- **Exercise**:
Find the line with "28. Sint Maarten, Kool baai" in the entries below, then output every line from it down to the line with "BMW Seria 5 535i Sport-Aut - 37", exactly and with no pictures.

- **Data shown**:
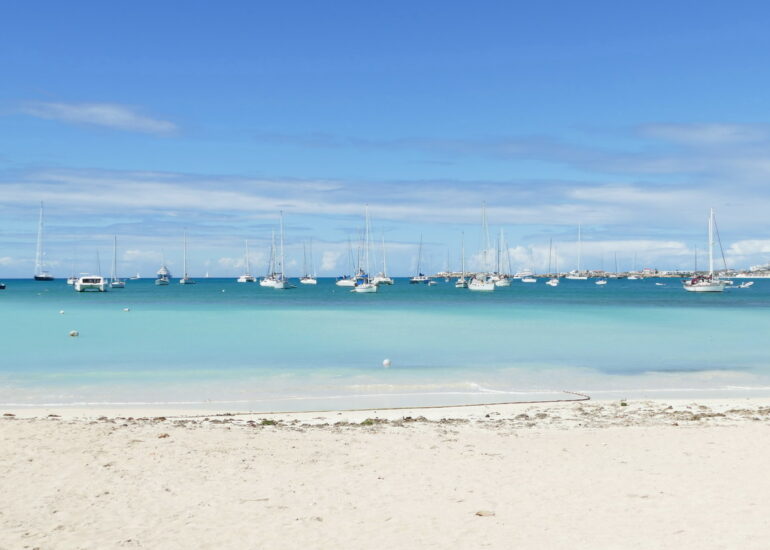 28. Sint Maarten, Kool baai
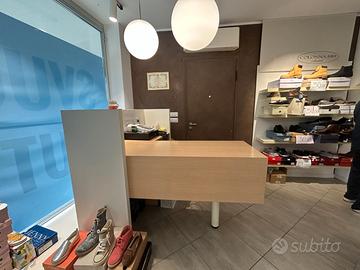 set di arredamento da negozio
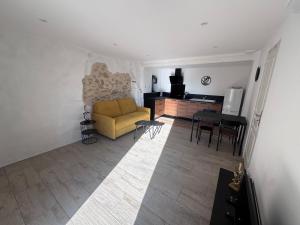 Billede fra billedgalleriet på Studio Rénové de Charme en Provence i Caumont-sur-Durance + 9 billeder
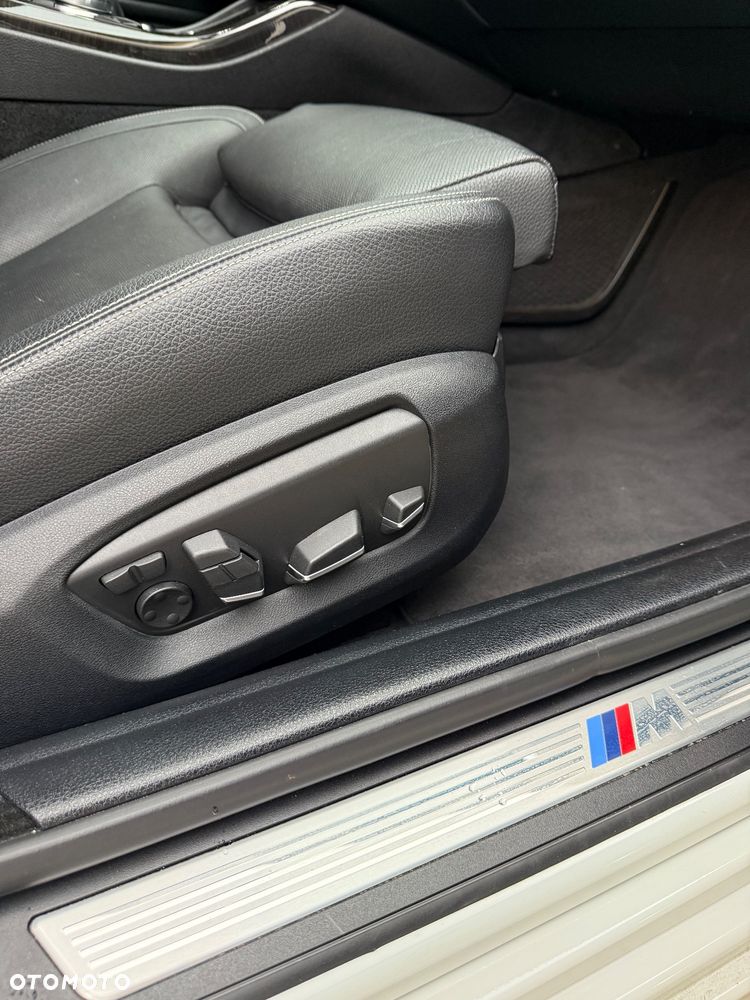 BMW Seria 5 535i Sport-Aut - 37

...

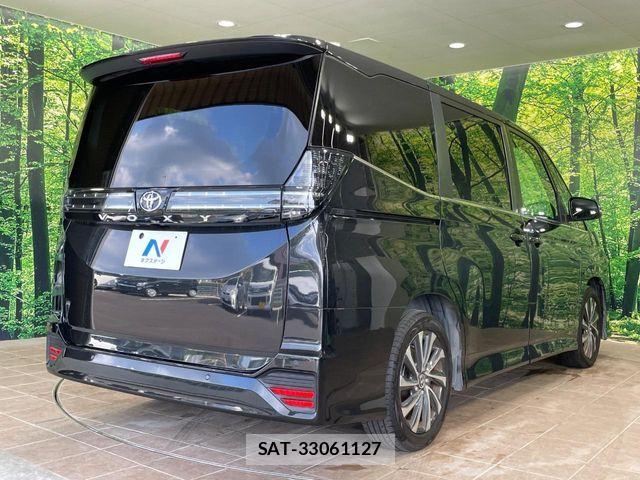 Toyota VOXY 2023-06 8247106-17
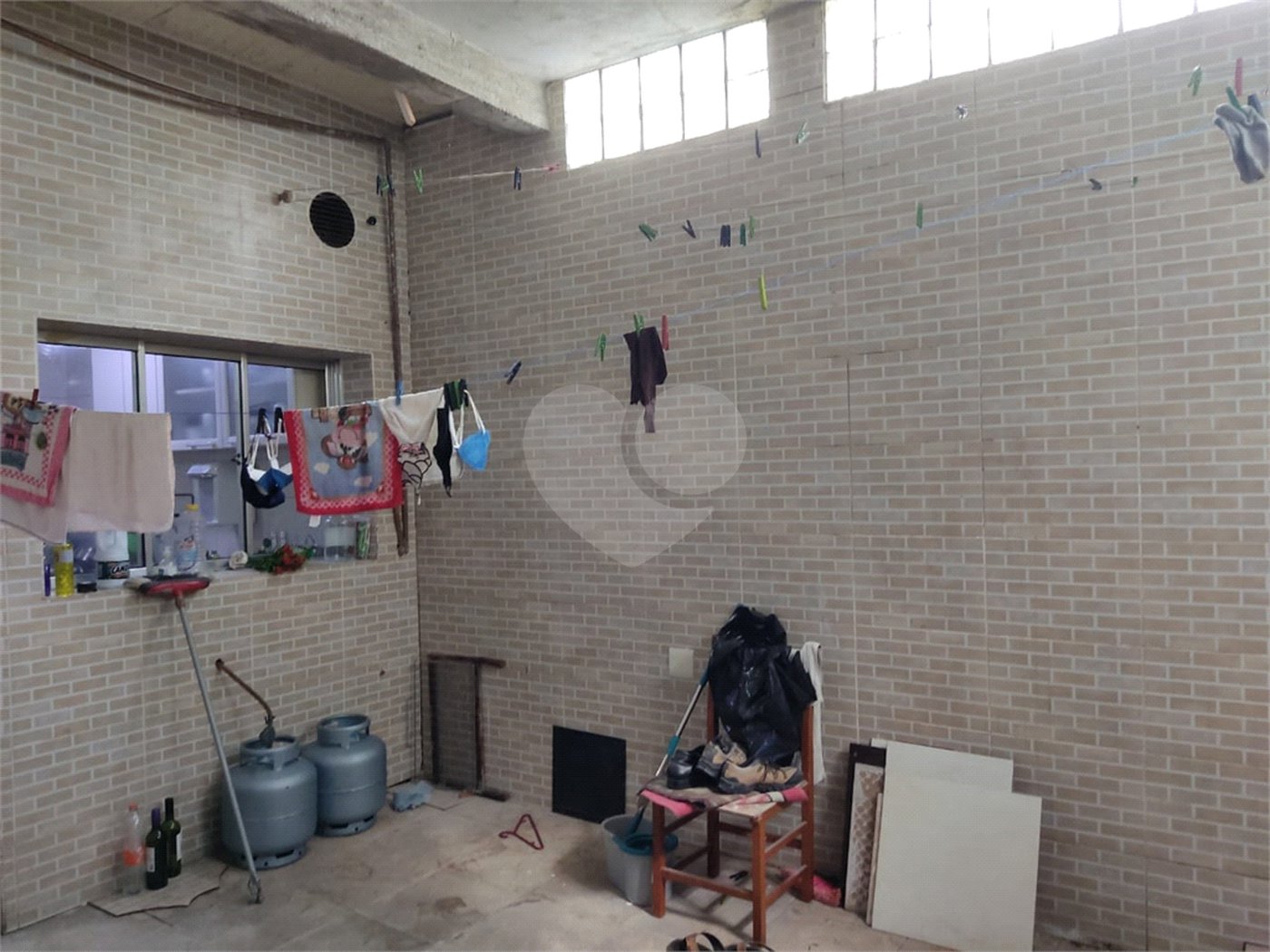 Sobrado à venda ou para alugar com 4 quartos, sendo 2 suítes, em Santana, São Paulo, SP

- **Final answer**:
 28. Sint Maarten, Kool baai
 set di arredamento da negozio
 Billede fra billedgalleriet på Studio Rénové de Charme en Provence i Caumont-sur-Durance + 9 billeder
 BMW Seria 5 535i Sport-Aut - 37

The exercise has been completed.